Maybe leaving your marriage turns out to be the best thing, but still, spending your first holiday season post-divorce can be one of the loneliest experiences a heart can handle.
Divorce and life coach Karen Finn, who has personally been through the experience, tells Personal Space that first coming to an acceptance that you’re divorced now is a great start. (We know it’s easier said than done.)
“Different doesn’t have to mean bad,” Finn says. “The first set of holidays after divorce, or going through it, mark beginning of a new way of life. It’s definitely going to be different, that doesn’t mean bad.”
If you have kids
If you have them on the holiday, great, you’ll be feeling good. If you don’t, it’s OK to pick another day to celebrate, pick a new day and put as much effort into the day as you can. Most kids would love the idea of double the attention, double the presents, double the celebration, says Finn.
If you’re feeling blue
“This works tremendously. For me, I packed myself with pillows — tuck them tight all around you, they absorb your body heat and become warm ... you feel cozy, and not so alone. You don’t wake up in a panic all alone. Anything that helps you to feel good (wine, movie), but not overindulging in drink because most of us have a tendency to keep doing it and it stops the pain. Cut yourself off at a glass or two but get cozy,” Finn says.
Try not to spend it alone
Call friends, call other family members to spend time with. “If you decide to join a divorce support group, they will be a wealth of support, a meetup group may have a holiday event for singles, you’ll fit in right away,” Finn says.
You can’t control grief
“Accept that it is what it is,” Finn says. “Look for what is still good in your life. You may be healthy, have your kids, where there’s breath, there’s hope.
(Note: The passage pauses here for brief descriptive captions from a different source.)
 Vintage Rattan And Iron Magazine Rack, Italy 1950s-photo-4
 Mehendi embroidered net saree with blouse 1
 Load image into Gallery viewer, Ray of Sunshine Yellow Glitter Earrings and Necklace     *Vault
As long as long as you’re breathing, there’s hope for a better life for you. You can’t go around it, you have to go through it, and by going through it you have to heal.”
Remember all the firsts after divorce suck
“You have to figure out how you have to live your new life. You don’t want to get stuck in the grieving forever.”
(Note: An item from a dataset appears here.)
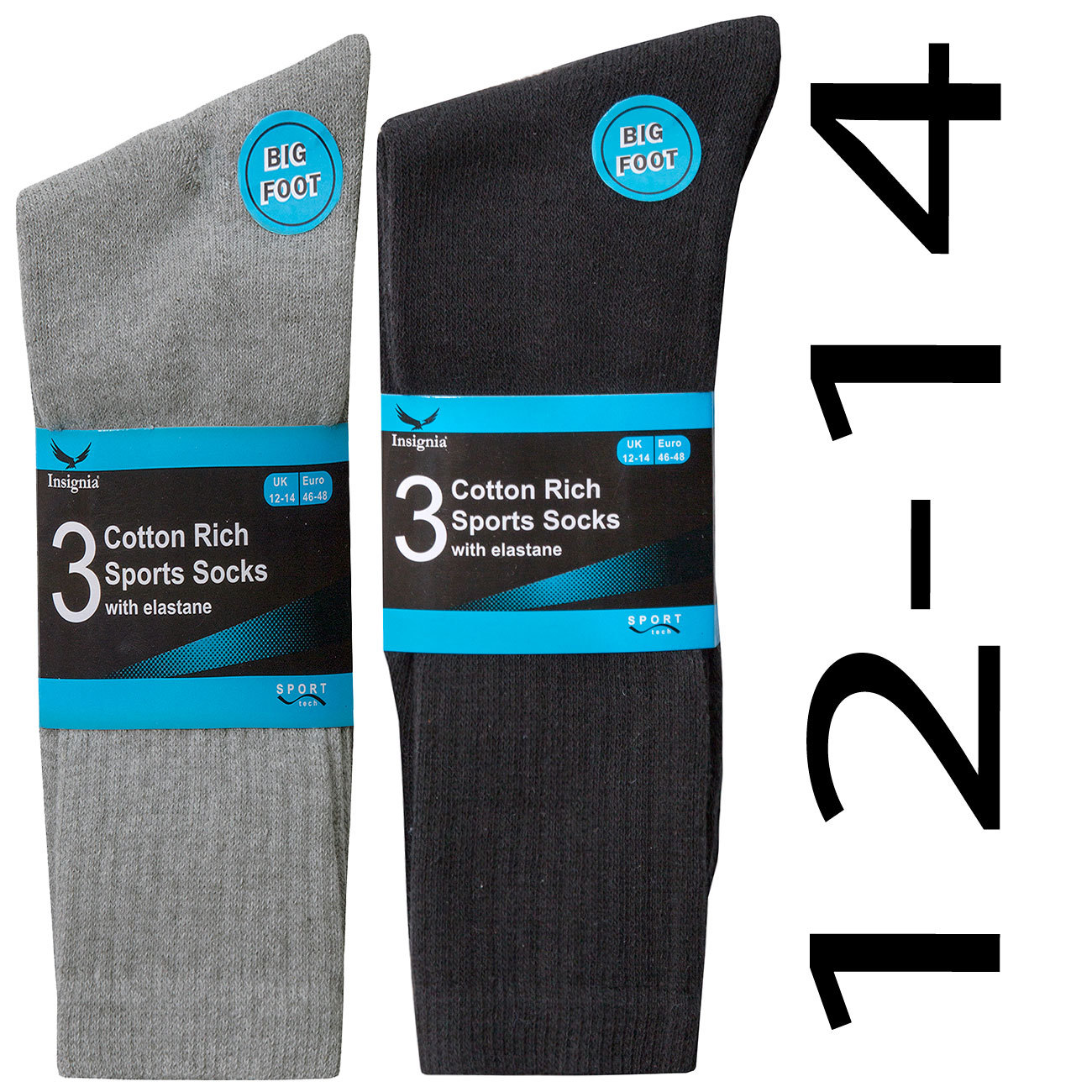 12 pairs ormens Cotton Rich Sport Socks work men size 1214 big foot eBay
Read self-help and volunteer
No More Holiday Blues by the late Dr. Wayne Dyer is an inspirational holiday book that advises how to recapture some of the joy you experienced as a child during the holiday season. Also look for a local shelter or soup kitchen that may need some volunteers for the season.
Wish your ex well in a non-confrontational way (if that’s an option)
It’ll create some peace, and make you feel a little better.